Herneyse batı yönünde ilerlerken karşıma bildiğiniz bir koyun çıktı. Silahımla vurdum ve baya zorlanarak etini çıkartmanın yolunu buldum. Biraz daha ilerledikten sonra karşıma bir bina ve bir liman çıktı, sonra bazı insanlar görmeye başladım, dedim aha zombieleri gördük. Bir tanesini vurdum ama öldürmek için yaklaşık 4 kurşun gerekiyormuş ve bir kere zombe size vurdumu, bandajınız yoksa felaket kan kaybetmeye başlıyorsunuz.Zaten sadece 2 şarjör mermim vardı.Zombieyi vurup hemen geri kaçtım ama karakter kan revan içinde oluk oluk kan akıyor adamdan. Zar zır bandajlanmayı becerdim ama baya geç kalmıştım. Bloodcount oyuna başlarken 12k'dı sanırım, o sırada bloodcound 4,5k lardaydı. Kan seviyesini arttırmak için kan bulmak veya yemek yemek gerekiyormuş, elimdeki yemeği yedim ama çok az etki etti.

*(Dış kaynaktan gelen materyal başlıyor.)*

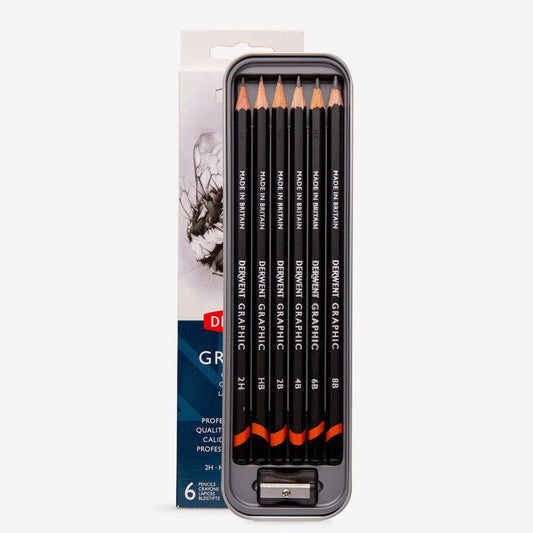 Derwent - Graphic Pencils (6) Tin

Tekrar zombielerin saldırdığı o binaya tekrar daldım.Yerlerden bazı şeyler toplamayı öğrendim zar zor, sonra binanın çatısına çıkıp kendimi aşşağa attım bakalım nolacak diye. Evet ilk oyun deneyimim buydu, umarım birliktede oynarız.

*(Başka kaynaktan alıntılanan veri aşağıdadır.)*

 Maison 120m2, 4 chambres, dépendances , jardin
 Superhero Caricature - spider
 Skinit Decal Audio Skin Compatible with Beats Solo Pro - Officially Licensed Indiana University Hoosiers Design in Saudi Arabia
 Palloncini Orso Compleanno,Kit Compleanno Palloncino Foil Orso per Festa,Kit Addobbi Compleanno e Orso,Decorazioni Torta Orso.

He bu arada bu mevzular dışında chat sistemini çözüp bir kaç kişiylede tanıştım.Adamlar baya arkadaşcanlısıydı.
Ekran Görüntüleri:
İlk Gün 2. Hikayem:
Rus serverlarında malca olaylardan bıkıp birazda avrupa serverlarına bakınayım dedim, bayada iyi ettim değişik mevzular oldu.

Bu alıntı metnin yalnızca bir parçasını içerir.